We must learn to define our own lives

by pursu­ing our joys and passions with people we love.


A tremendous amount of confusion happens when people look into their past ex­periences in order to initiate change in their lives today. They recognize destructive pat­terns and make the decision to further inves­tigate why they operate the way they do. The primary problem with this is that people become so stuck in their pasts, they wind up being obsessed with self-discovery. As a result of this obsession, their patterns don’t actually improve, but worsen.

I am not a believer in wallowing in our past. The past merely provides a frame of refer­ence. It gives an explanation as to how we form certain perceptions and opinions. The past alone cannot provide the appropriate motivation to change. Becoming obsessed with the past can create a situation in which a person actually reinforces the negative pat­tern. A person with this obsession can para­lyze his or her ability to take positive action. It is in action that we change. The negative behavior must change in order to let go of a pattern.

Action is in the now.

  • When you become aware of a repeating pattern of sabotage, become grateful! You are now empowered to change.
  • Becoming cognizant of relentless thoughts of self gives you the opportunity to value service to others.
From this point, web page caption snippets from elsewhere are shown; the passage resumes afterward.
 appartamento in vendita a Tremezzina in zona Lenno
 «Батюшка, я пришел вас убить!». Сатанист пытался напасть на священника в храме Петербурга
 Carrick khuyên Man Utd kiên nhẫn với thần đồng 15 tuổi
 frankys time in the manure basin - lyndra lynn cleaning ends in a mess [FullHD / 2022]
Breaking the pattern of self-centeredness is actually very simple: Help someone else!
  • In all likelihood, you are not the deplorable bane of the human race. You are probably a good person. Let go of the fatalistic inner-dialogue, someone looks up to you!
  • Change what you do. Today. Right now. The sooner you act, the sooner you find relief!

Be True to You

True growth can only happen when your roots are strong. It doesn’t matter what you learn or become aware of, if you are not in touch with your essence, the meaning of the new lesson will be lost.
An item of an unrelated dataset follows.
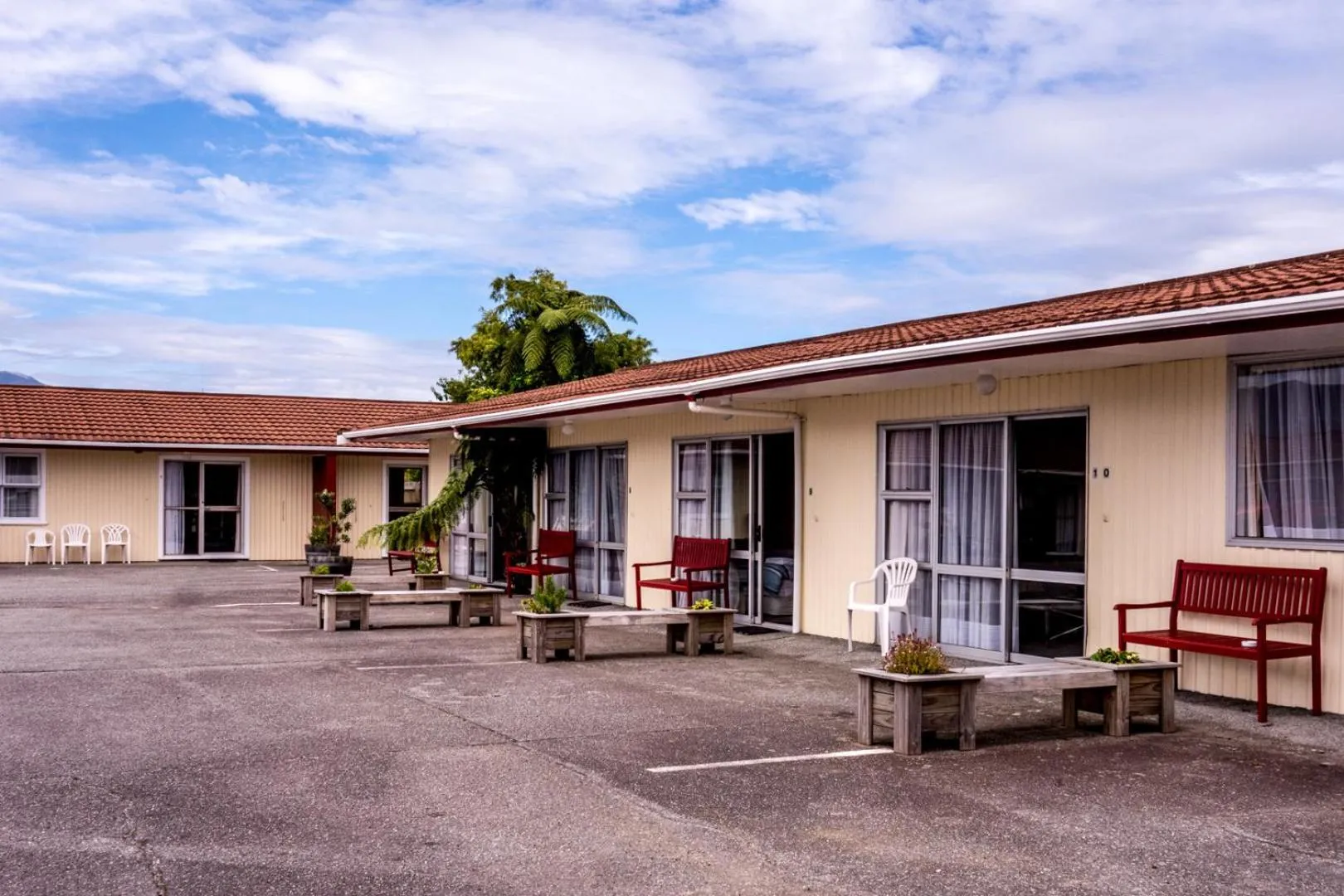 Balcony/Terrace in Ascot Motor Lodge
Many people spend years aimlessly drifting, hoping to some day stumble upon the one great truth that will completely transform their life. They feel they have no purpose and find it an impossible task to connect with others. Still others look for the radical change that will set them in the direction of success and happiness and satisfy the urge to remake their existence. Finally, there are those who kneel at the altar of the status quo, condemning anyone who deviates from the norm as being a reckless saboteur. They constantly fight to “get back” to a state of mind which has been idealized and used as the standard of happiness.

These are all extreme examples. Understanding them is important because they illustrate some of what we use as criteria to make connections and form relationships. Growth is fluid and organic. Without movement, life atrophies and dies. At the same time, change for the sake of change simply creates a temporary sense of satisfaction, its long term effects as deceptive as drug-induced euphoria.

Keep things simple.

  • Answer, to yourself, the question of “Who am I?” No one else outside of you can tell you what your essence is. Friends and advisers can point out patterns, traits, and characteristics, but only you can make the final determination of who you are.
  • Take risks! It is dangerous and unhealthy to not seek new awareness and perspectives. This is only a problem when you are attempting to escape a challenge. Again, change for changes sake isn’t taking a risk, it is simply avoidance.
  • Have fun! Life is a joyful experience. The key here is experience. Go, do, and be. Find new adventures and share them with people you love.
  • Seek guidance from those you see growing. Make it a point to find and talk to people who have knowledge on something you wish to learn about. It’s always fun to meet new people and absorb.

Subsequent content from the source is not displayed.